According to Thayer, himself, the comments were just “ignorant, kind of racist, Islamophobic crap”; still, as much as these comments were bizarre, they were exasperating, too, due to the level of ignorance they exposed.
Bemused by the fact that Thayer’s New York associates had very little knowledge of Cairo’s existence, its whereabouts, its modes of transportation, and its cultural backdrop, I decided I would enlighten these folks with responses that may clarify what a person about to visit Egypt for a short or long duration may face.
Here are the “Ten things friends and family said when I told them I was moving to Egypt” followed by my responses.
“Don’t steal anything, they’ll cut your hands off!”
For stealing, imprisonment or hard labour is the harshest punishment in Egypt. No Egyptian law stipulates cutting off someone’s hand. While we are at it, stoning an adulteress or practicing Jihad, defined as to go to war against non-Muslims to establish the religion, do not exist in Egypt.
Then again, why steal?
“Just don’t come back a Muslim!”
This rarely happens. Life in urban Cairo is cosmopolitan; visitors can enjoy bars, nightlife, and drinking. Foreigners do as they wish and please as long as it is not intrusive or offensive to others.
Of course, many religious traditions exist and are deeply felt in Cairo and elsewhere in Egypt, and they are worth recognizing and celebrating: the prayer calls juxtaposed against the church bells, Friday morning’s deserted streets then the hustle and bustle after Friday prayers, and Ramadan and Eid festivities.
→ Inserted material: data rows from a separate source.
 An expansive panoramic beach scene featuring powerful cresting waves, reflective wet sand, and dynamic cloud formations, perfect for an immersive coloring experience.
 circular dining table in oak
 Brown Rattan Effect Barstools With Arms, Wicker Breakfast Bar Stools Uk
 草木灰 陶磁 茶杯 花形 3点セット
All these wonderful aspects, deep-rooted in Egyptian culture, a visitor to Cairo would find exhilarating and elating. Enjoy them for they are celebrated in Egypt like in no other country.
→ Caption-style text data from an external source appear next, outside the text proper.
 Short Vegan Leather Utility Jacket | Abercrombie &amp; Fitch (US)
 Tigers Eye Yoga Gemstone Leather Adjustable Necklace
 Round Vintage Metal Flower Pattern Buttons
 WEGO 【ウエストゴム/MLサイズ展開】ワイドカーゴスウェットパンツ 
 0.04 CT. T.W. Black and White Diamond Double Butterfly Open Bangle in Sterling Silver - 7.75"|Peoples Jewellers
“Watch out for the Taliban. You’ll fit right in with that beard.”
First, Egypt doesn’t have any Taliban roaming on its streets. Besides, a goatee or a full beard and moustache don’t construe much of a religious affiliation in this day and age. If it is disheveled and left unkempt, that’s when others may worry. So wear your beard with pride but keep it trimmed.
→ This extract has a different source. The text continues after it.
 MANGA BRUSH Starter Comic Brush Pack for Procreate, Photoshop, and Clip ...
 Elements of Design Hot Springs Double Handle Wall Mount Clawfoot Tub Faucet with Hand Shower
“You should totally ride a camel to work."
As absurd as this statement is, it reminds me of the time my daughter got asked by some Canadians if, while in Egypt, she lived in a small pyramid. No, Egyptians neither live in pyramid-like homes nor ride camels to work. Seldom do you see a camel on the streets of Cairo. If you do, believe me, the Egyptians around you will stare at it in exactly the same fashion as you would.
If you visit Siwa Oasis or the Western Desert, you may encounter camels. And for the fun of it, you should try riding one when you visit the Giza Pyramids. The camels roaming the area are solely for your delight.
“It’s going to be so boring there."
I doubt that very much. Cairo, in particular, is one of most vibrant cities on earth. In fact, chances are you won’t be able to catch up with Egyptians or match their energy for life. They avoid sleeping till the wee hours of the morning, socialize like no others, and party to their hearts’ content.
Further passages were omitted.